Zunächst wurden wir von einer netten Frau der Experimenta in das Backsteingebäude der Experimenta geführt. In einem kleinen Aufenthaltsraum durften wir noch 10 Minuten entspannen und unsere Jacken sowie Wertsachen verschließen. Dann ging es richtig los: Wir kamen in den Raum, und dort bekam jede/r Einzelne einen eigenen Bausatz für den Elektromotor. Dazu hatte man immer zu zweit ein Tablet, auf dem Schritt-für-Schritt-Videos anzuschauen waren. Zunächst wurde Draht auf eine Schraube gewickelt und Magneten hinzugefügt, um den Motor in Bewegung zu setzen.
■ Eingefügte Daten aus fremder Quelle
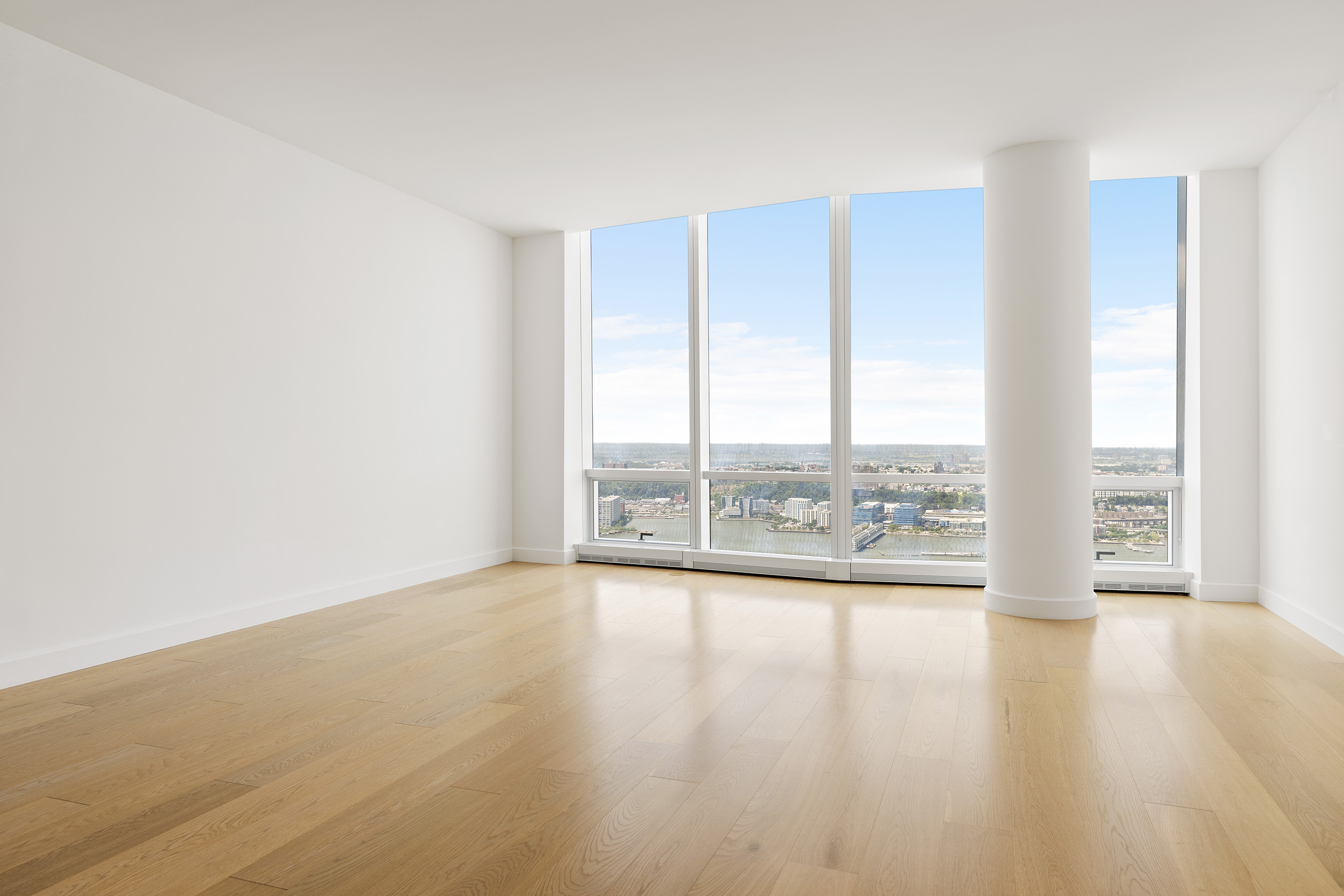 15 Hudson Yards, Unit 68C Manhattan, NY 10001 - Photo 2 of 16 a view of an empty room with wooden floor and a window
Besonders spannend war der Moment, als der Motor aufgrund des Magnetfelds zu rotieren begann. Geholfen wurde uns dabei von zwei Mitarbeitern der Experimenta. Diese haben schließlich dafür gesorgt, dass auch wirklich jeder Motor funktionierte. Ganz am Ende gab es auch noch einen kleinen Wettbewerb, wer die beste Leistung erzielte. Der Kurs war dann gegen 13 Uhr zu Ende, worauf die Schüler heimfuhren, sich in der Stadt aufhielten oder sich noch in dem Hauptgebäude der Experimenta in der Ausstellung aufhielten.

Der Besuch der Experimenta war für alle eine wertvolle Erfahrung, die nicht nur praktische Fähigkeiten förderte, sondern auch das Verständnis für technische Zusammenhänge vertiefte.